The 800x Cost Spread

The cost data is where AA-Briefcase delivers its most practical punch.

Running Claude Fable 5 costs over $31 per task on average, largely because knowledge work requires long contexts and many reasoning turns (median ~63 turns per task, with models allowed up to 500). At the other end of the spectrum, DeepSeek V4 Flash (Max) runs at approximately $0.04 per task — an 800x difference.

No model in the lowest-cost tier reaches frontier-level AA-Briefcase performance. But for teams whose workloads don't require frontier capability, the smaller models offer a dramatically better cost-to-value ratio. The question is not "which model is best" but "how much capability do you actually need, and what are you willing to pay for incremental gains?"

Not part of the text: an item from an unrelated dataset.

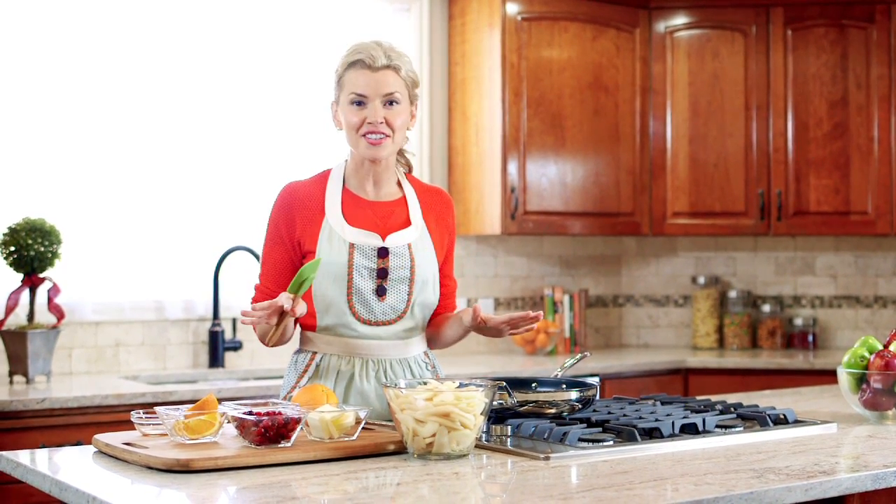A trifle is simply just a layered dessert, and I love this one because it includes every festive flavor of the holiday season.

This is the kind of data that should inform procurement decisions. A team processing routine knowledge work tasks might get 80% of the utility at 0.1% of the cost by choosing a mid-tier model with good retrieval augmented generation (RAG) scaffolding and focused prompt strategies.

Time and Work Patterns

Frontier models take roughly 20 minutes per task on AA-Briefcase. Claude Opus 4.8 (max) averages ~24 minutes of wall-clock time per task, GLM-5.2 (max) ~19 minutes. MiniMax M3 actually takes longer (~26 minutes on average) but scores 240 Elo points behind Opus — demonstrating that raw runtime is not a proxy for quality.

Tool-use behavior varies significantly by model family:

  • Anthropic models (Claude Fable 5, Opus 4.8) make heavy use of visual inspection, averaging 21 and 12 view-image calls per task respectively. These models lead in Presentation Elo, suggesting that repeatedly inspecting rendered outputs is integral to producing polished deliverables.
  • Google models (Gemini 3.5 Flash, Gemma 4 31B) are compute-heavy, averaging ~60 and ~43 script execution calls per task respectively. They run more code, not better code.
  • MiniMax models follow Anthropic's pattern of frequent visual inspection, while Google's approach toggles more toward computation than review.

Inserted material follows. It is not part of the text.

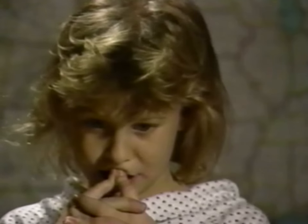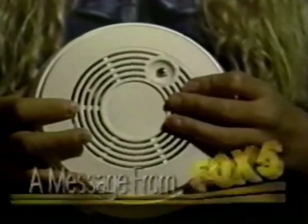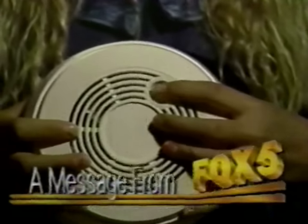What do you put in a smoke detector? Let me help. It's batteries, and to make sure they work, push the test button every month and replace them every year.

What This Means for Practitioners

AA-Briefcase is not a gotcha exercise. It's a well-constructed evaluation that reveals genuine capability boundaries. Here are the practical takeaways:

No model handles realistic knowledge work autonomously. Not Claude Fable 5, not GPT-5.5, not any of them. If your deployment involves messy, multi-source knowledge worker tasks, you need human-in-the-loop validation, not blind automation.

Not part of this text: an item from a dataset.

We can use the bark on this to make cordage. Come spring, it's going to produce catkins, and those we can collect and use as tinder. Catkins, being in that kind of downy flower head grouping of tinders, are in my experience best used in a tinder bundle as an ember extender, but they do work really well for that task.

Cost-performance optimization is not optional. With an 800x spread between the cheapest and best models, the default choice of "use the frontier model" is economically indefensible for most workloads. Profile your tasks, measure required capability thresholds, and select the cheapest model that clears the bar.

Retrieval and scaffolding matter as much as the model. The failure mode where weak models miss relevant files is addressable with good RAG architecture. The failure mode where strong models miss multi-source contradictions is harder — it requires structured context management, explicit cross-referencing, and iterative verification loops that most current agent frameworks don't provide.

Turn count is not engagement. Models that take more steps don't produce better results. When evaluating agent frameworks, measure output quality against task complexity, not step count.

The Bottom Line

AA-Briefcase is the most grounded evaluation of AI knowledge-work capability to date, for precisely the same reason that makes its results uncomfortable: it tests models on the kind of work actual knowledge professionals do, not carefully curated benchmark items. The finding that frontier models can barely clear 3% perfect-task completion on realistic projects should give any team pause before marketing an agent as capable of replacing knowledge workers.

The benchmark's open-source release of AA-Briefcase Lite on Hugging Face and its implementation in the Stirrup agent framework mean that teams can run their own evaluations. If you're building agent-powered tools for knowledge-intensive domains, you should.

The gap between benchmark hype and real-world capability just got measurable. Now the question is what we build to close it.